Back in 2007, Carney’s debut feature Once disarmed audiences far beyond Ireland, reducing even dragged-along boyfriends and husbands
to sniffling wrecks. Utterly beguiling and charming in the purest sense of the word, it was a romance set to music in which Glen Hansard (as a Grafton Street busker named simply Guy) and Marketa Irglova (as immigrant flower-seller and single mother Girl) stumbled into each other’s lives. And yet, it somehow transcended the romantic comedy mould. As does his new film, Begin Again, which stars Keira Knightley in her first singing role.
“Well, outside of chick lit, couples don’t just walk off into the sunset together – not in anything that has ever moved me, anyway,” he explains.
“Look at Wuthering Heights or Anna Karenina or Brief Encounter.
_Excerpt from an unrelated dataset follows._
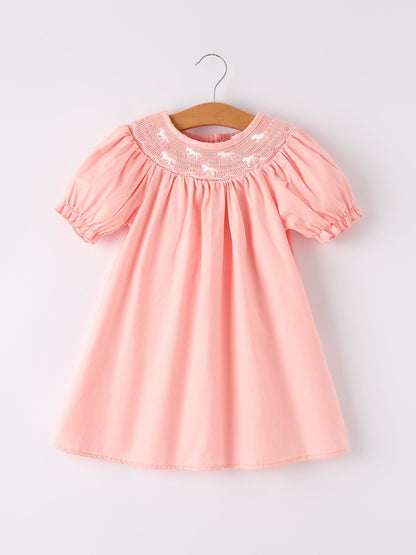 Girls Horse Smocking Embroidered Coral Dress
Complex, compromised love is far truer to life. Difficult relationships and unfulfilled love are what interest me as a storyteller.”
Once also challenged the blueprint for success, in that it was resolutely unglamorous, featured no big stars and was completed on a sub-shoestring budget of just €140,000. “Early copies were passed around almost under the table in Hollywood, with baffled studio guys saying, ‘This was insultingly cheap to make and no-one you’ve ever heard of is in it, yet somehow it still works.’ At the end of the day, I have, and always will have, an Irish peasant mentality when it comes to film-making.”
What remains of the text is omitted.